The TCP/IP protocol configuration consists of several elements which must be set by editing the appropriate configuration files, or deploying solutions such as the Dynamic Host Configuration Protocol (DHCP) server which in turn, can be configured to provide the proper TCP/IP configuration settings to network clients automatically. These configuration values must be set correctly in order to facilitate the proper network operation of your Ubuntu system.
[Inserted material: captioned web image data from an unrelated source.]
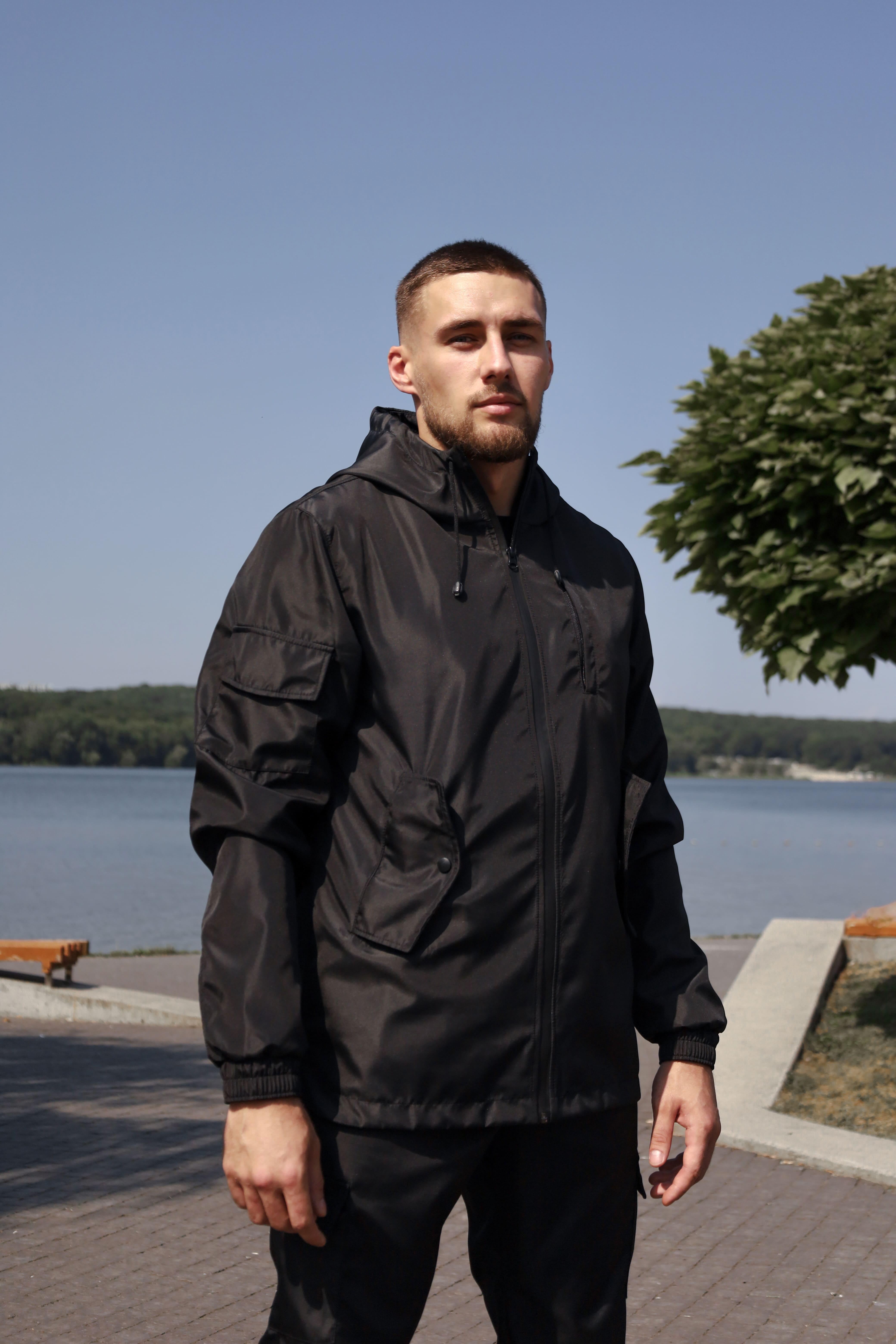 Комплект чоловічий Intruder SoftShell Easy XXL Чорний - фото 3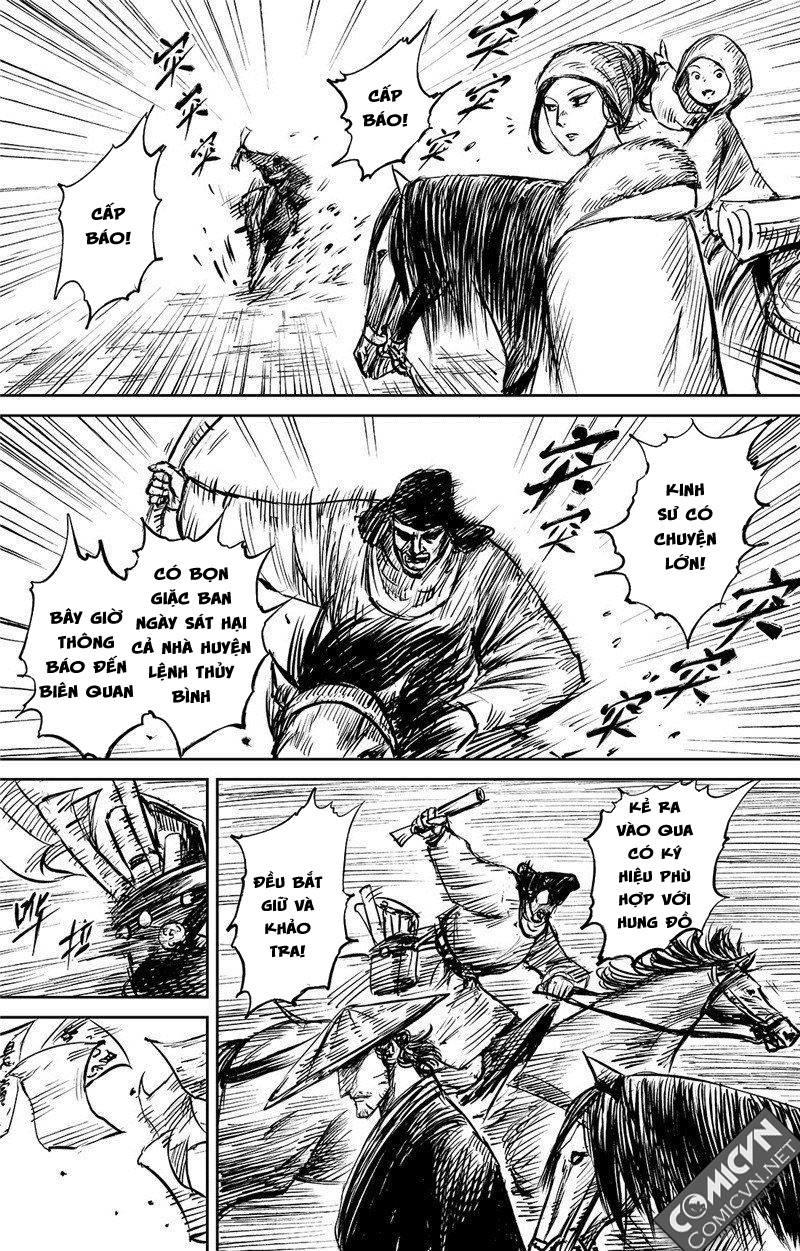 Tiêu Nhân Chap 124 - Next Chap 123
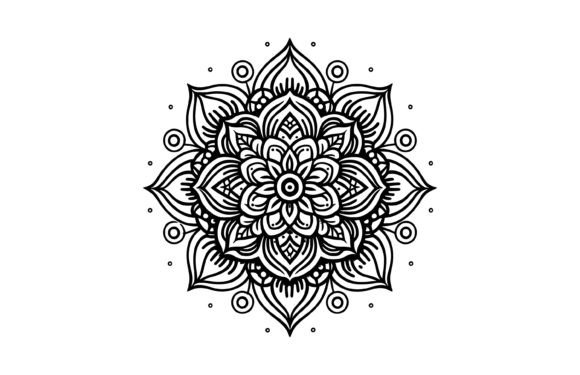 Decorative Mandala Design Vector: Versatile Art for Modern Projects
The common configuration elements of TCP/IP and their purposes are as follows:
-
IP address: The IP address is a unique identifying string expressed as four decimal numbers ranging from zero (0) to two-hundred and fifty-five (255), separated by periods, with each of the four numbers representing eight (8) bits of the address for a total length of thirty-two (32) bits for the whole address. This format is called dotted quad notation.
-
Netmask: The Subnet Mask (or simply, netmask) is a local bit mask, or set of flags which separate the portions of an IP address significant to the network from the bits significant to the subnetwork. For example, in a Class C network, the standard netmask is 255.255.255.0 which masks the first three bytes of the IPaddress and allows the last byte of the IP address to remain available for specifying hosts on the subnetwork.
-
Network Address: The Network Address represents the bytes comprising the network portion of an IP address. For example, the host 12.128.1.2 in a Class A network would use 12.0.0.0 as the network address, where twelve (12) represents the first byte of the IP address, (the network part) and zeroes (0) in all of the remaining three bytes to represent the potential host values. A network host using the private IP address 192.168.1.100 would in turn use a Network Address of 192.168.1.0, which specifies the first three bytes of the Class C 192.168.1 network and a zero (0) for all the possible hosts on the network.
-
Broadcast Address: The Broadcast Address is an IP address which allows network data to be sent simultaneously to all hosts on a given subnetwork rather than specifying a particular host. The standard general broadcast address for IP networks is 255.255.255.255, but this broadcast address cannot be used to send a broadcast message to every host on the Internet because routers block it. A more appropriate broadcast address is set to match a specific subnetwork. Forexample, on the private Class C IP network, 192.168.1.0, the broadcast address is 192.168.1.255. Broadcast messages are typically produced by network protocols such as the Address Resolution Protocol (ARP) and the Routing Information Protocol (RIP).
-
Gateway Address: A Gateway Address is the IP address through which a particular network, or host on a network, may be reached. If one network host wishes to communicate with another network host, and that host is not located on the same network, then a gateway must be used. In many cases, the Gateway Address will be that of a router on the same network, which will in turn pass traffic on to other networks or hosts, such as Internet hosts. The value of the Gateway Address setting must be correct, or your system will not be able to reach any hosts beyond those on the same network.
-
Nameserver Address: Nameserver Addresses represent the IP addresses of Domain Name Service (DNS) systems, which resolve network hostnames into IP addresses. There are three levels of Nameserver Addresses, which may be specified in order of precedence: The Primary Nameserver, the Secondary Nameserver, and the Tertiary Nameserver. In order for your system to be able to resolve network hostnames into their corresponding IP addresses, you must specify valid Nameserver Addresses which you are authorized to use in your system's TCP/IP configuration. In many cases these addresses can and will be provided by your network service provider,but many free and publicly accessible nameservers are available for use, such as the Level3 (Verizon) servers with IP addresses from 4.2.2.1 to 4.2.2.6.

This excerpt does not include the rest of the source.